The church also played a dramatic role in Alaska, where a superior court judge had ruled in favor of a gay couple’s marriage application. The Mormon Church contributed $500,000 to the successful 1998 referendum drive to ban same-sex marriages, quintupling the war chest of the Alaska Family Coalition. It was the largest contribution to a ballot measure campaign in state history.

In a 2000 brief with the U.S. Supreme Court, the church said it would cease its cherished sponsorship of 30,000 Boy Scouts troops with 400,000 participants if the organization were legally forced to have openly gay leaders. Activism escalated after the Supreme Judicial Court allowed same-sex marriage in Massachusetts in 2004. The Mormon governor Mitt Romney failed in efforts to have the legislature call a referendum on the issue.

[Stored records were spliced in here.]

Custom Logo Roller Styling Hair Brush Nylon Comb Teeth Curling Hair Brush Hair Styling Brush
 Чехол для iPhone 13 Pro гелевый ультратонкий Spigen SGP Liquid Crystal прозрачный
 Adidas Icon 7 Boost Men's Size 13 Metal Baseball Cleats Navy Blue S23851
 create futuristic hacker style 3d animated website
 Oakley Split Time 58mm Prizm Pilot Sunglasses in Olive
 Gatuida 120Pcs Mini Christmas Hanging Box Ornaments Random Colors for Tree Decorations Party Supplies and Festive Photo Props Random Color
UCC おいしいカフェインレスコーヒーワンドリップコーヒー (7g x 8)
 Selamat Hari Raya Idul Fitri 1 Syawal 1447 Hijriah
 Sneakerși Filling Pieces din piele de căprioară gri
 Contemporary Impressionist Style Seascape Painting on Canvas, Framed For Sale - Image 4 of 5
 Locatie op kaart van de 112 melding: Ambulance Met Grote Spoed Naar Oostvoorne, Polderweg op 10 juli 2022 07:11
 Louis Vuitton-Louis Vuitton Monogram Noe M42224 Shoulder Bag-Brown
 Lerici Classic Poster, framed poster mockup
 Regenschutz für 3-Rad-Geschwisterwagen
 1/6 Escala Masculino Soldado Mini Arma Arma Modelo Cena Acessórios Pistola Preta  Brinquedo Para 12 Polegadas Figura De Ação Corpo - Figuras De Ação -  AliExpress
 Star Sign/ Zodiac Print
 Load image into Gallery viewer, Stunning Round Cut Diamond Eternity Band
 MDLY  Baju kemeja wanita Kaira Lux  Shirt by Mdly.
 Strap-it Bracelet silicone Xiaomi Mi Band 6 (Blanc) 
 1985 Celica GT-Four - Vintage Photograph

The LDS First Presidency stated that the church “favors measures that define marriage as the union of a man and a woman and that do not confer legal status on any other sexual relationship,” thus opposing civil unions as well as gay marriages. In 2006, church leaders called upon believers to back a federal marriage amendment to the Constitution. In that cause, Apostle Russell M. Nelson was among those forming the Religious Coalition on Marriage, alongside the nation’s Catholic cardinals; white, black and Hispanic Evangelicals and Pentecostalists; conservatives within “mainline” Protestant denominations; and leaders from the Southern Baptist Convention, Lutheran Church-Missouri Synod, Eastern Orthodox Christianity, and Orthodox Judaism.

It remains to be seen how the church’s involvement in such U.S. political controversies might affect its image, status, and activities overseas. But however public issues evolve in the United States and elsewhere, the church’s twenty-first-century stand on the family is clear. The family, defined in notably old-fashioned and prefeminist terms, is the basic unit of secular society and of the church. The LDS authorities consider it among their most sacred trusts to do everything in their power to protect it.